Winter is something that I’m intimately acquainted with. One doesn’t grow up in Canada without quickly getting accustomed to multiple months of teeth chatteringly chilly weather.
Famous the world over for its snow, Canada certainly lives up to that reputation in most parts of the country – our wee woodland corner of British Columbia included.
As I pen these words, more than three feet of accumulated flakes are calling our backyard home and there are banks around the neighbourhood that come up to the second-floor windows on some houses.
Yes, it’s winter proper still around these parts and that got me thinking about one of my favourite magickal ingredients to gather when we’re squarely in the season of the Oak King and summer’s radiance seems lightyears away: graveyard snow.
What is graveyard snow?
As its name implies, graveyard snow – or cemetery snow – is snow that has been collected from a burial ground.
In order to do so, you will need to have access to a public graveyard or cemetery, gloves or mittens to keep your hands safe and warm, a waterproof and leakproof receptacle to carry your snow home in (unless you plan to work with it in situ), and possibly a small shovel, spade or other type of scoop to gather the snow with.
If you’re only collecting a small amount of snow or your gloves are waterproof, you may be able to easily put the snow into your bucket, container, etc with your hands.
Depending on the layout of the cemetery you’re visiting, you may be able to gather snow from the ground, the tops of headstones and other types of grave markers, low hanging tree branches, shrubs, statues or monuments, and gates or fences surrounding the cemetery itself.
When is the best time to collect graveyard snow?
This is largely a personal choice and there is no objectively “best” time to collect graveyard snow.
You may wish to do so on a day whose correspondences tie into those of your magickal workings.
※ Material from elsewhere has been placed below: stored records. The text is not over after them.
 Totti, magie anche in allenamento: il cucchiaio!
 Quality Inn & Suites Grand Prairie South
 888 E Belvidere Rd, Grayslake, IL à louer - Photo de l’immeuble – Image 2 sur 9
On a sabbat (such as Yule or Imbolc – or even, depending on when snow starts falling in your area, on Samhain), a particular stage in the moon’s cycle (I’m especially fond of working with cemeteries and materials collected from them during the full and dark moons), or at a time of the day that is conducive to the spell or ritual that you’ll be using the snow for.
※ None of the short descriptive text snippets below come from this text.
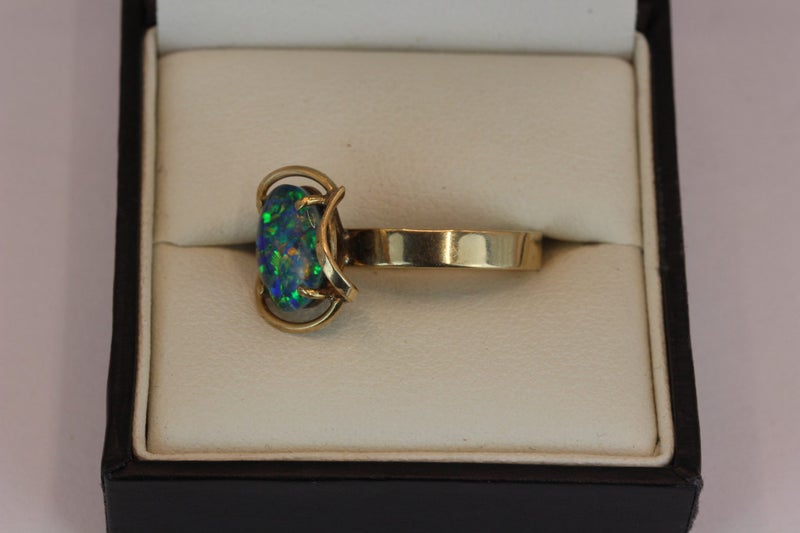 9ct Opal ring Carousel 2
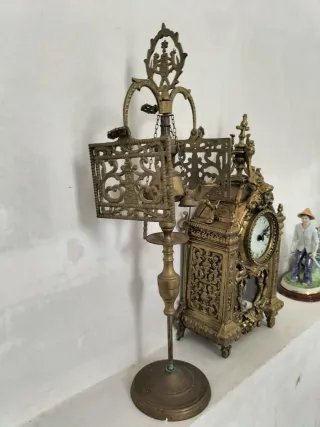 Reloj antiguo y candelabro dorado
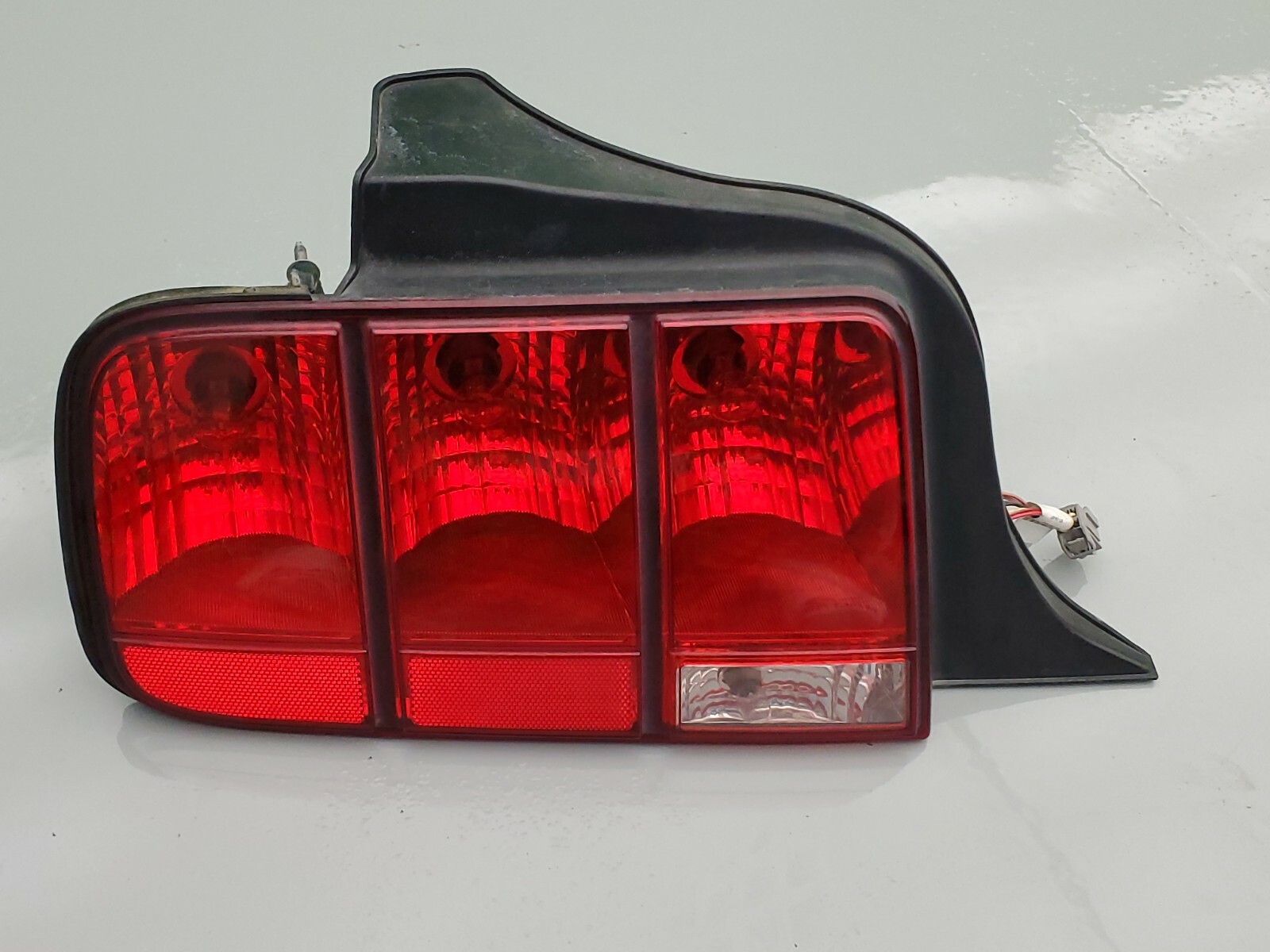 2006 Mustang Tail Lights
When taking anything from nature, be it graveyard snow or otherwise, it is always a lovely and appreciated gesture and sign of respect to leave a small offering. This can be anything from a stone to springs of herbs, leaves you’ve gathered to fresh or naturally dried, preservative-free fruit.
How does graveyard snow differ from graveyard dirt?
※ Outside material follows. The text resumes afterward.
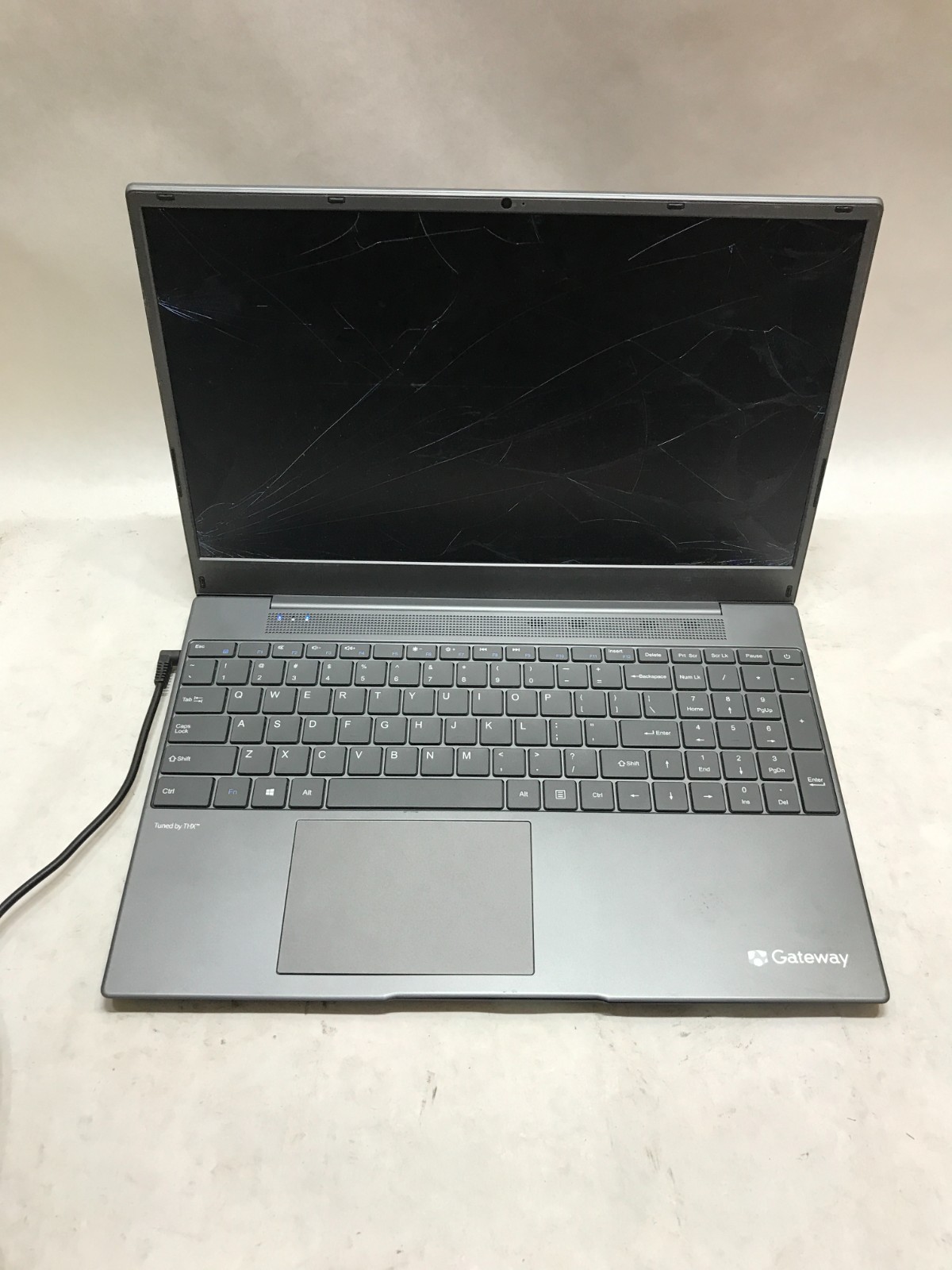 Gateway GWTN156-12BK 15″ AMD Ryzen 3 8GB RAM NO SSD/OS For Parts CRACKED!!! – DW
Graveyard dirt, a much beloved and fairly commonly used material in the workings of many witches, hoodoo workers, and various other magickal folks is dirt from the ground of a graveyard.
It is employed in myriad types of working, including witches balls and bottles, protection, guarding, strength, luck, prosperity, finality, cursing, and death related spells and rituals, as well as times in the year when the veil is at its thinnest (such as Samhain and Beltane).
Graveyard dirt is believed to be imparted with many important qualities, energies and essences, including those from the departed who were laid to rest in that cemetery.
It is a sacred material and one that should always be gathered with the utmost reverence, respect, and consideration both for those laid to rest in the cemetery and for the natural environment/ecosystem of the cemetery itself.
Graveyard dirt is a fascinating topic unto itself and one I’m that sure I will cover here on Witchcrafed Life in greater depth in the future.
Aside from the rather obvious point that one is snow and one is dirt, graveyard snow differs from graveyard dirt because it is typically charged more with the magickal properties of snow firstly and a fainter – one might say “echo-like” quality of the general surrounding where it fell secondly.
As well, generally speaking, graveyard snow is easier to take without fear of having someone say something unwanted to you while you’re in the process of gathering it up. (Though that possibility is there anytime you’re removing anything from a cemetery.)
Magickal properties of snow
Snow is a wonderfully magickal natural material and one that, in a lot of cases, you may have access to for multiple months in a row if you live in an area that gets quite cold.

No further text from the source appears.